DESCRIPTION OF THE TASK:
What is needed is a word-for-word copy of all the entries, minus the pictures.
<<<<
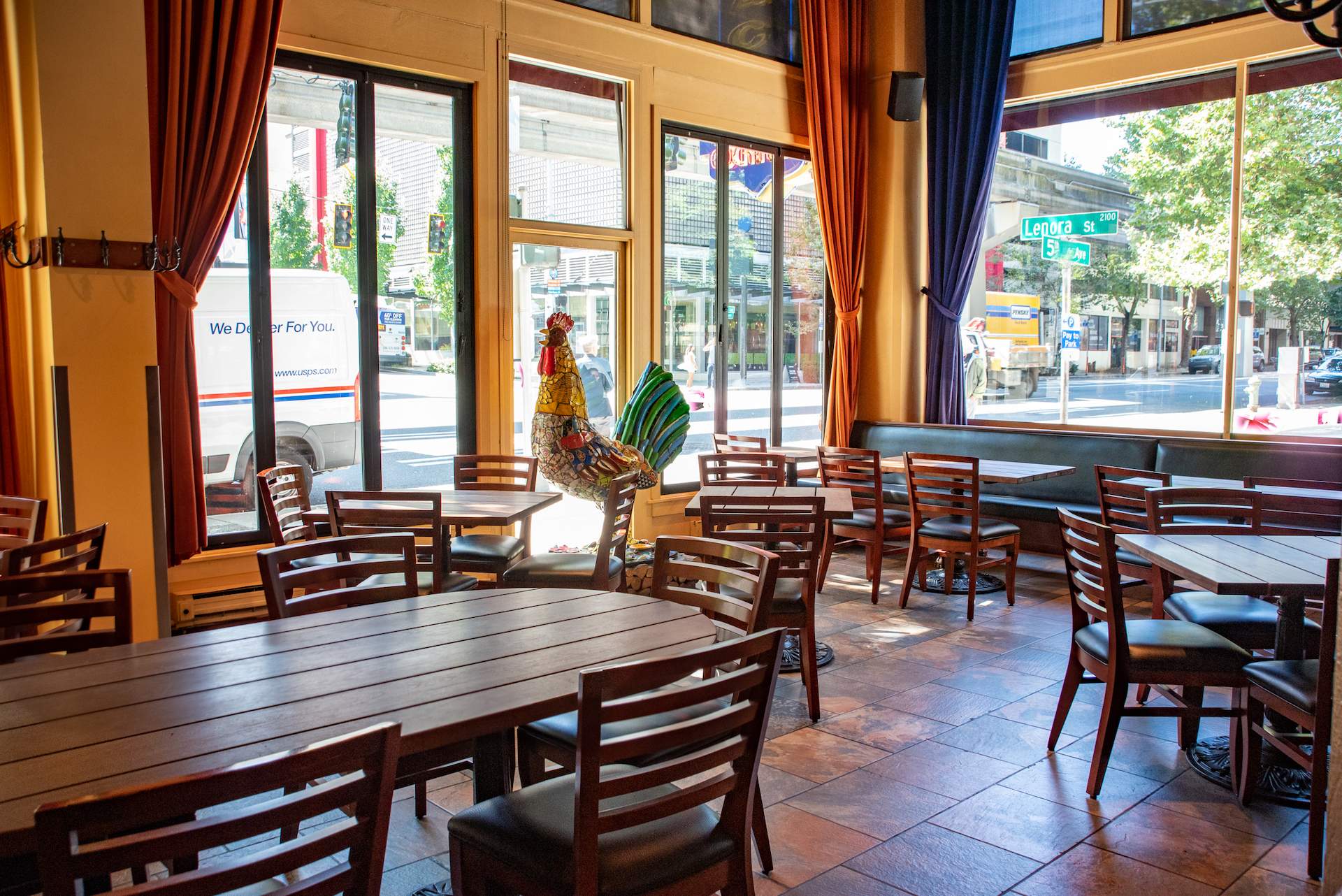 The interior of Seattle restaurant Palace Kitchen seen here with floor-to-ceiling windows and wooden tables and chairs.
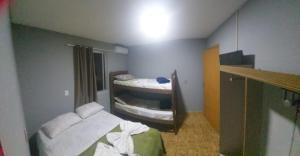 Postel nebo postele na pokoji v ubytování Pousada Praia do Trapiche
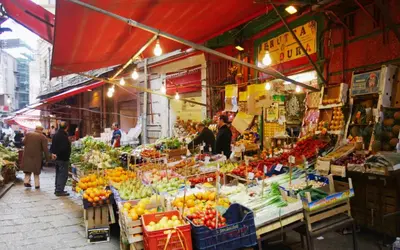 a market with fruits and vegetables on a street at Centro storico-Marina Free Parking, Wifi,Netflix in Palermo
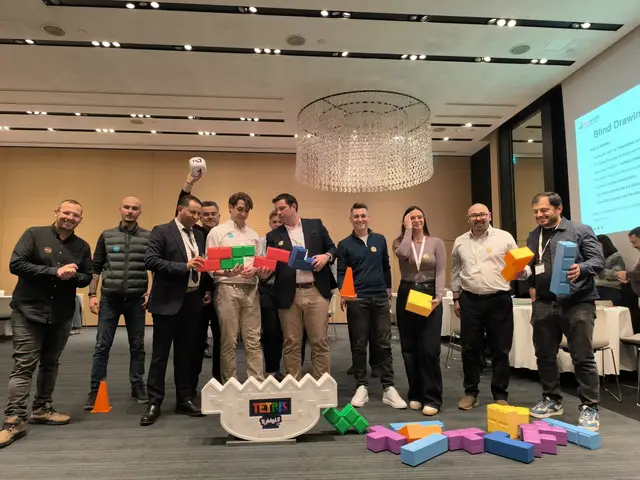 A corporate team laughs while stacking giant Tetris blocks during a Salty Soil team building game in a hotel conference room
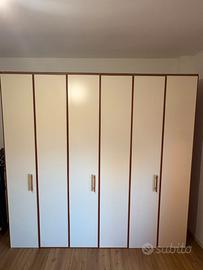 Cucina, stanza da letto e lavatrice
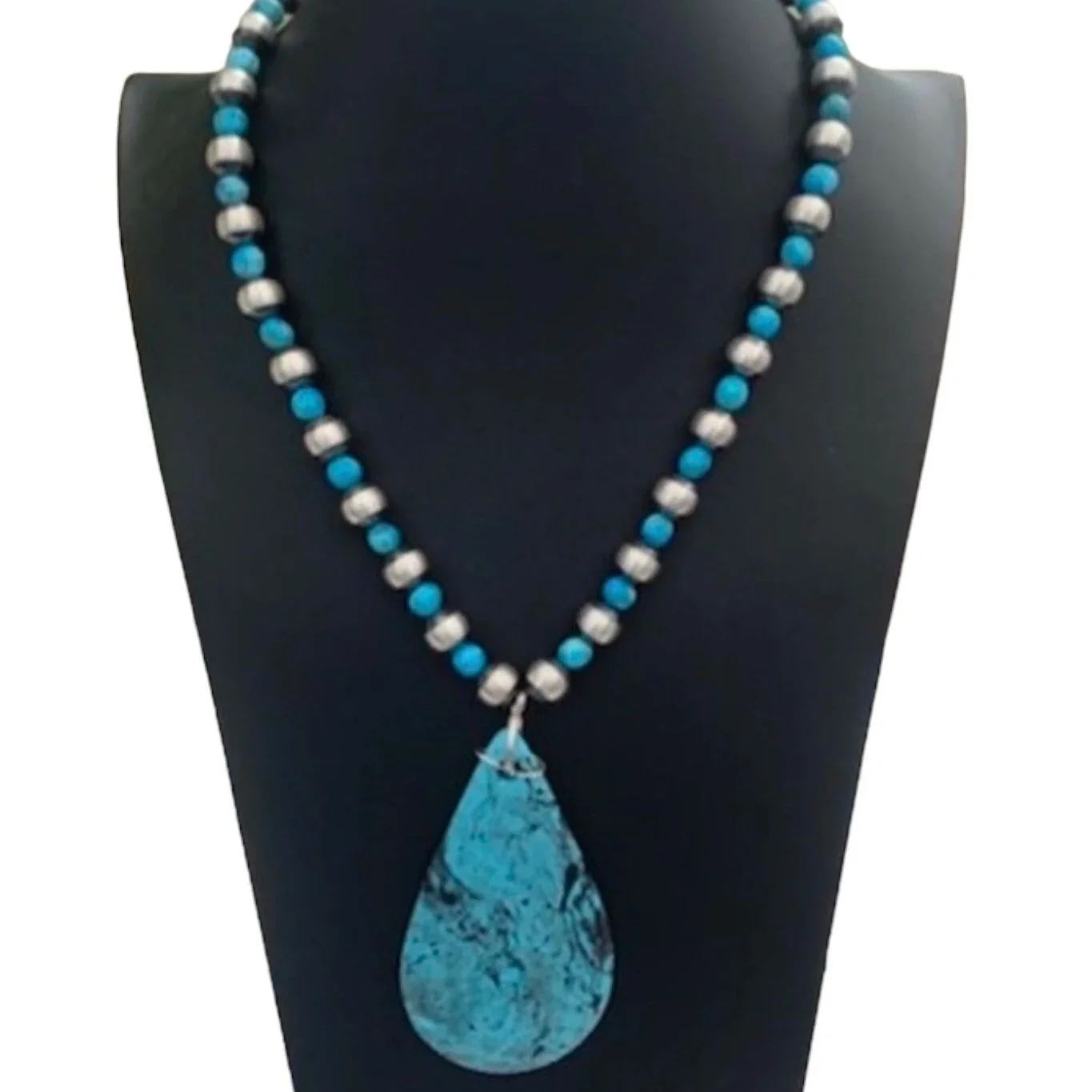 A beaded necklace with turquoise and silver beads, featuring a large teardrop-shaped turquoise pendant, displayed on a black mannequin bust. The text "Victoria's Southwest Designs" is written in blue at the bottom.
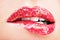 Beautiful female lips with shiny red gloss lipstick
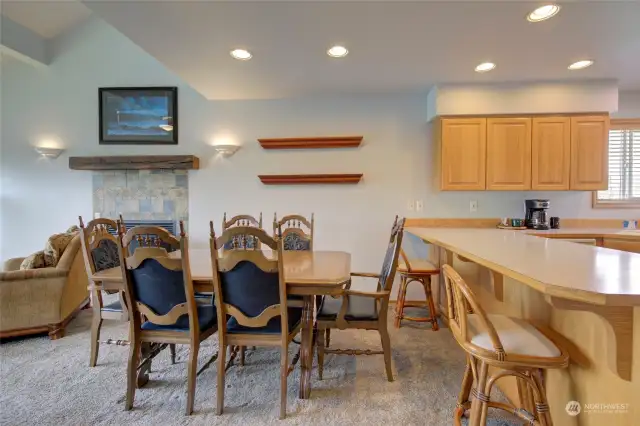 The open concept floor plan flows into the dining space, and the kitchen that also has eating space at the bar.
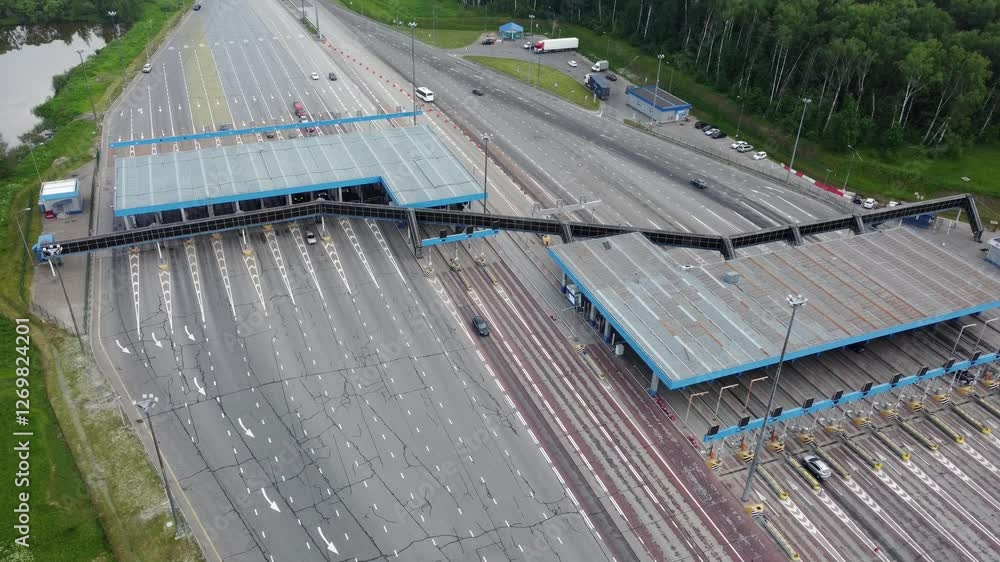 Moscow March 20 2023. Toll collection point on a toll road.. Cars on the way to the point: A stream of cars is approaching the payment point, lining up in front of the barriers Moscow March 20 2023. Toll collection point on a toll road.. Cars on the way to the point: A stream of cars is approaching the payment point, lining up in front of the barriers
>>>>
WRITTEN ANSWER:
 The interior of Seattle restaurant Palace Kitchen seen here with floor-to-ceiling windows and wooden tables and chairs.
 Postel nebo postele na pokoji v ubytování Pousada Praia do Trapiche
 a market with fruits and vegetables on a street at Centro storico-Marina Free Parking, Wifi,Netflix in Palermo
 A corporate team laughs while stacking giant Tetris blocks during a Salty Soil team building game in a hotel conference room
 Cucina, stanza da letto e lavatrice
 A beaded necklace with turquoise and silver beads, featuring a large teardrop-shaped turquoise pendant, displayed on a black mannequin bust. The text "Victoria's Southwest Designs" is written in blue at the bottom.
 Beautiful female lips with shiny red gloss lipstick
 The open concept floor plan flows into the dining space, and the kitchen that also has eating space at the bar.
 Moscow March 20 2023. Toll collection point on a toll road.. Cars on the way to the point: A stream of cars is approaching the payment point, lining up in front of the barriers Moscow March 20 2023. Toll collection point on a toll road.. Cars on the way to the point: A stream of cars is approaching the payment point, lining up in front of the barriers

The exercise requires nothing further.